Note: I actually mostly wrote this a couple of months ago, before getting derailed by…life, I guess. So, some of the links are a little dated, but looking back over it I decided I was sufficiently satisfied with it to finish it up and post it anyway.
I’m doing a lot of reading lately, mostly for research, and a lot of it is fairly dense and often pretty depressing as well (for instance, accounts of the treatment of Native American children in federal boarding schools). Though it’s not “light” reading, exactly, Teju Cole’s new book of photographs, Blind Spot, has been a kind of respite for me over the last couple of weeks. The photos are paired with texts that Cole has called “voiceovers”; these sometimes comment on the content of the photo, sometimes on the place in or occasion on which it was taken, and sometimes reflect more generally or ideas or concerns inspired by the image, or reflected in it. They have to do with art, with politics, with human relationships of many kinds, and most of all with photography itself, and the act of looking at something or someone and creating a durable image out of what one sees.
Cole is deeply concerned with representation: what can stand for something else, and how? A photograph is almost always seen to “stand for” something, even more than painting, because it is by definition a reproduction of something out in the world. To make a photo, somebody pointed a camera at something that existed, at least for a moment, and the camera creates an impression of that moment on some sort of sensitive medium. Of course, this isn’t as straightforward as it might seem, and digital technology, which creates so many more possibilities for altering images, makes it even less so. But still, photography is understood in terms of the correspondence between image and reality; a great photograph is often said to “capture” something.
At the same time, making a photograph also involves selection. Seeing is always selective, or partial; for every act of seeing, there is something that remains unseen— in fact, nearly everything, necessarily. As Cole says in this interview, one of his concerns is
…the fact that the act of looking is limited. We only see a small part of what we are looking at, so there is a constant blind spot even with the kind of attentive looking that photography entails.

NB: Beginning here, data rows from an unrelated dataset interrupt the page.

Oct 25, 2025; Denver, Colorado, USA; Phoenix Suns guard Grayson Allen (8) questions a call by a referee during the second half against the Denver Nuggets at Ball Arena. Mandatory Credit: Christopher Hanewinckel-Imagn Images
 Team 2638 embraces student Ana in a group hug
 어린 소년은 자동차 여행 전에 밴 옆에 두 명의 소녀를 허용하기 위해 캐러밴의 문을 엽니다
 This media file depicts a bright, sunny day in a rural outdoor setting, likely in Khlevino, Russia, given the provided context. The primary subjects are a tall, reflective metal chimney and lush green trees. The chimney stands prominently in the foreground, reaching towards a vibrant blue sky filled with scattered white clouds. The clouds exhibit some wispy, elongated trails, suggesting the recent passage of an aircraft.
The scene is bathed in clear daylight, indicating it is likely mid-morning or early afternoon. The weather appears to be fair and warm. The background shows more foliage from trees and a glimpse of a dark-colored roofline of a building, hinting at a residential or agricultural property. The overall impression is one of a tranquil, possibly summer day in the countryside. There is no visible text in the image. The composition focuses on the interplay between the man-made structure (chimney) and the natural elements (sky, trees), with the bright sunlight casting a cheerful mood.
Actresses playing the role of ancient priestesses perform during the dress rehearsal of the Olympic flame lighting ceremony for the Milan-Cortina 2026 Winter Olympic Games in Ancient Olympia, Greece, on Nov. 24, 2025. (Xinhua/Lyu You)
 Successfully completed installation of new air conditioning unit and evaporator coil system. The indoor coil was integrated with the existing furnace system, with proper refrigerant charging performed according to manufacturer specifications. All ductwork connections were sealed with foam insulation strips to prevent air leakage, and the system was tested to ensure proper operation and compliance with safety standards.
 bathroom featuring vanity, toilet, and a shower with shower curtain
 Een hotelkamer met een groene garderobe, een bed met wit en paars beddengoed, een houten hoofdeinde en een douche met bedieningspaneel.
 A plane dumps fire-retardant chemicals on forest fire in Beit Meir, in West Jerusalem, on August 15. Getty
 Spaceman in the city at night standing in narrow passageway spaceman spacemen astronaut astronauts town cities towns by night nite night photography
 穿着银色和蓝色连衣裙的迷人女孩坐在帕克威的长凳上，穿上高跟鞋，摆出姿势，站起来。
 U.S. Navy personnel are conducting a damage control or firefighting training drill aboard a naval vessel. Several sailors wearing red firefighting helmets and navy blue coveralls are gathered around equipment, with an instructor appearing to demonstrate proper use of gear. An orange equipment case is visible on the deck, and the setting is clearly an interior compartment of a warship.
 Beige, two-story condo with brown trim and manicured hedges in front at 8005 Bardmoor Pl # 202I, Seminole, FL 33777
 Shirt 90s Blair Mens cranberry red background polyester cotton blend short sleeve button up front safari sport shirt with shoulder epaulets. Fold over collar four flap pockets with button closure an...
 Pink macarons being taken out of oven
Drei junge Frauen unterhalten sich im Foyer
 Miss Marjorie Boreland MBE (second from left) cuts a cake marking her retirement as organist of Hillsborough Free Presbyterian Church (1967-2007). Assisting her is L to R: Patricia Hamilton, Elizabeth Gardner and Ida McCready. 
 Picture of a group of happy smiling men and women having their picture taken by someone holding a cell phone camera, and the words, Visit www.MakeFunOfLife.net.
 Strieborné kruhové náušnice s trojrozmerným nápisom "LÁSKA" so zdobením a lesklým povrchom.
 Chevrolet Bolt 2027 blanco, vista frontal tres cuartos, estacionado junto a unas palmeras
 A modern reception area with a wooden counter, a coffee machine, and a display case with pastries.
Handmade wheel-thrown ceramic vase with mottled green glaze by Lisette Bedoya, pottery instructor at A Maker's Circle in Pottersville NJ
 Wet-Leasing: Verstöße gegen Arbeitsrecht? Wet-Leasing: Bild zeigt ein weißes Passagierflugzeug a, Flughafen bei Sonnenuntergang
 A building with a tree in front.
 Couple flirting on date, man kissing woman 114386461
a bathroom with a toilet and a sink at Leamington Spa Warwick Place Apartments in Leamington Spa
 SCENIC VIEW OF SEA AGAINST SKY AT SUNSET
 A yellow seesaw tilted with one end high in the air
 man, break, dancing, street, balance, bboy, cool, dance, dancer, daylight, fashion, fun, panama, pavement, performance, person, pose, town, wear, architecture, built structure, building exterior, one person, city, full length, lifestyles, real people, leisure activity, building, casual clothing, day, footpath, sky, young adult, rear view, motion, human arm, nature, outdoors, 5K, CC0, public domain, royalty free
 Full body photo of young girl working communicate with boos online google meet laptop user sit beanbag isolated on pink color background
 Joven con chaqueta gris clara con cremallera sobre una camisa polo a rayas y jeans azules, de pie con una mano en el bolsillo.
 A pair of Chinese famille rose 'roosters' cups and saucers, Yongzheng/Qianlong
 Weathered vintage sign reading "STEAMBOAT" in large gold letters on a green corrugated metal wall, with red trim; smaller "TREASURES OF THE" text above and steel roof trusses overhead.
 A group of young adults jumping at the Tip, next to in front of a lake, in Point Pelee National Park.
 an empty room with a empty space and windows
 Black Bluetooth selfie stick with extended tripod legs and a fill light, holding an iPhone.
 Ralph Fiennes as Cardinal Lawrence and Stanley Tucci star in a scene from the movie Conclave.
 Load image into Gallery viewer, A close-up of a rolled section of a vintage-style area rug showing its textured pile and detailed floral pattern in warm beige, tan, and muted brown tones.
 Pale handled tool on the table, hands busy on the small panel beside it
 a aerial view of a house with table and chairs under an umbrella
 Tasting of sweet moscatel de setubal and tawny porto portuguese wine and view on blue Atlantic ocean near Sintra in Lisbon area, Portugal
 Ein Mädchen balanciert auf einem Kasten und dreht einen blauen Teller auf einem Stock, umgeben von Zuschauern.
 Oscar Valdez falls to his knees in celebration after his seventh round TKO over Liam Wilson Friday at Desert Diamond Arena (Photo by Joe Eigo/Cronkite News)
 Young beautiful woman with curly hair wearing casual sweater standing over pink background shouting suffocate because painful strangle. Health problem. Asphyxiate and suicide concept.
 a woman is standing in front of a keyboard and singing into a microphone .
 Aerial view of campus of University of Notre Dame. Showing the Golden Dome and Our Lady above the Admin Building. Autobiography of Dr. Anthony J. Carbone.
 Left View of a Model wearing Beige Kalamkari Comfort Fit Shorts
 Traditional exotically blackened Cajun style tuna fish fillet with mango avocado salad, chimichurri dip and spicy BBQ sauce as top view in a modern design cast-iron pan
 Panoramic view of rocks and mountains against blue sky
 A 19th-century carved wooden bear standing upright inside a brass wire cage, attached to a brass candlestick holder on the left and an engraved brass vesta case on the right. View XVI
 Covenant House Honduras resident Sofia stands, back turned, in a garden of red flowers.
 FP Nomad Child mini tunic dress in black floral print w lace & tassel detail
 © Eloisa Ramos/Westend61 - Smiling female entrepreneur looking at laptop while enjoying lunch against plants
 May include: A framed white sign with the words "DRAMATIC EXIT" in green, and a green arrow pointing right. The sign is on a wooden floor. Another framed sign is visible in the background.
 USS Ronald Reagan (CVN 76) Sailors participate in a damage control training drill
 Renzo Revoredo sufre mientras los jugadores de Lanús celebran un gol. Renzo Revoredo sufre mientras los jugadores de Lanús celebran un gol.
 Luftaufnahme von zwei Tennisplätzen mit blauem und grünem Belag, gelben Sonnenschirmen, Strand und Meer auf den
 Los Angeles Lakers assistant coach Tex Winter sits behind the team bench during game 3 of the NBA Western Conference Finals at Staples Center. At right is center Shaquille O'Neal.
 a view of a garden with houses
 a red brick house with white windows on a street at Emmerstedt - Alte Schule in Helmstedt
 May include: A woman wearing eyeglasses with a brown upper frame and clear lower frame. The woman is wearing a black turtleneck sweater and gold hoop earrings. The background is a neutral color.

Photography brings the partiality of looking to the surface, because it involves a deliberate, explicit choice of what to show and what to leave out— where to point the camera. The balance between the seen and the unseen is, at least in principle, a product of the photographer’s intentions (or maybe their attentions). This has consequences beyond simply leaving some things out of the frame; as Cole observes several times, the choice to include gives the included, the seen, a special significance; objects become elements in an image, with a unity and coherence they might not otherwise have. Or, at least, their selection by the camera’s frame prompts us to look for what unifies them, to ask: why this and not something else? How would the photo have been different if the camera were aimed a little to the left, or focused a little differently? Even in a BAD image, poorly composed, poorly framed, this is true— and in fact, it is the problem. Because they are grouped inside the frame, the objects in the scene are pushed toward unity and coherence, but at the same time resist it. A photo that doesn’t work may simply fail to overcome the resistance of the objects inside it to the unity imposed by the frame, the act of assembly that says this is an image, a unified visual field. A photo makes a claim about what it depicts, and it succeeds or fails by how well it supports that claim.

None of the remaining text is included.